城市暴雨洪涝灾害的气候变化响应与风险评估研究

Recent rainfall induced flood events in urban areas have greatly raised the awareness of both policy makers and academic researchers the needs for managing urban flood risks, the damage of which is often significantly higher than rural areas. Building upon our strong record in urban natural hazards studies and previous NSF projects, in this proposal, we aim to investigate the future rainfall induced flood risks in urban areas, in response to potential climate change, using Shanghai as a case study. We seek to use the state-of-art combination of: (i) climate downscaling of future precipitation; (ii) numerical modelling of rainfall induced flood risks; and (iii) field survey of present/future vulnerability for key receptors. A widely-used statistical modelling tool SDSM-DC, developed by CI Wilby in Loughborough, will be used to generate future climate change scenarios at a regional/city level. Instead of simply producing future scenarios, we will use SDSM-DC to evaluate adaptation decisions and the sensitivity of the system to climate change. This will be evaluated for the 2020s, 2030s and 2050s. High-resolution historical data collected at 10 meteorologic stations in Shanghai (1981-2010) will be used. With the input from climate downscaling, using a scenario-based approach, future flood inundation will be modelled using a well-established flood modelling tool FloodMap, developed by CI Yu. A high resolution approach will be used to undertake urban flood modelling, coupling sewer flow and urban flood inundation. Future vulnerability will be assessed based on questionnaire survey and field investigation. This will build upon the previous studies by the PI and her team. A spatiotemporal approach will be used in the analysis of risks, aiming to demonstrate the evolution of flood risks over time and space for various receptors. A framework for assessing future urban flood risks, including the evolving hazard characteristics, changing vulnerability and convoluted flood damages will be established. This will provide a strong scientific basis for managing flood risk in an uncertain climate future for various stakeholders.

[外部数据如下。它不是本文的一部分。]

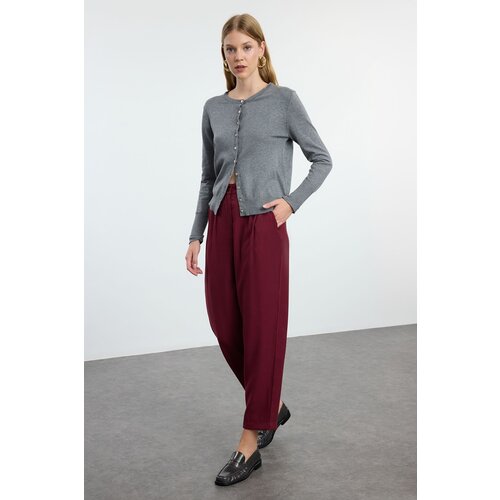 Trendyol Claret Red Balloon Pattern Woven Trousers Slike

城市暴雨洪涝灾害是当前政府与学术界高度关注的热点问题。在多年开展城市自然灾害风险研究方向国家自然科学基金项目的基础上，本项目借鉴国内外气候变化与城市暴雨洪涝灾害风险研究最新成果，选取受暴雨洪涝灾害影响严重的上海市中心城区为案例研究区，采用统计降尺度模型（SDSM）方法，率定实证研究区模型参数，构建城市气候变化降尺度模型，将IPCC全球气候模式的低分辨率降水预测结果,转化为适应于城市尺度的高分辨率预测结果；通过降雨-径流模型，分析降水变化与城市地表径流响应关系；并应用高分辨率洪涝数值模式，模拟未来不同情景的城市暴雨洪涝动态过程及淹没特征；在此基础上，进行城市典型承灾体暴露性与脆弱性分析，构建气候变化背景下城市暴雨洪涝灾害风险评估范式及模型，以丰富、充实和发展城市灾害风险评估理论方法体系，支持和优化我国城市应对气候变化背景下的灾害风险管理决策，提高我国城市的综合防灾减灾能力。

随着全球气候变化，城市暴雨洪涝灾害已成为当今国际社会与科学界面临的重大问题之一。本项研究以将气候模式的研究成果应用于未来城市暴雨洪涝灾害的预测和分析，属于灾害研究领域重要科学前沿。但基于气候变化降尺度分析开展的城市暴雨洪涝灾害风险评估还较少，尚未形成适合我国国情的气候变化背景下城市暴雨洪涝灾害风险评估的理论方法框架，代表性实证和应用案例较少，本项研究丰富和充实了我国研究的案例和方法。在项目的执行期内，项目组广泛吸纳国内外气候变化背景下的城市暴雨洪涝灾害风险研究成果，开展了多层次多角度的学术交流，进行了大量的野外实地调查和资料收集，采用最新研究方法Floodmap洪水数值模拟，系统分析研究区暴雨洪涝灾害的气候变化响应机制，通过构建的SDSM上海降尺度模型预测，开展了不同情景下暴雨洪涝灾害的危险性模拟和风险评估。研究结果主要有：（1）构建了上海市极端降水的气候变化响应与风险评估模式；（2）基于Floodmap了开展上海暴雨洪涝灾害高精度数值模拟；（3）基于多情景模拟了黄浦江流域极端风暴洪水危险性和动态风险演化趋势。（4）基于情景的我国极端降水的时空特征和风险分析。（5）开展多情景多尺度的洪涝实证模拟研究。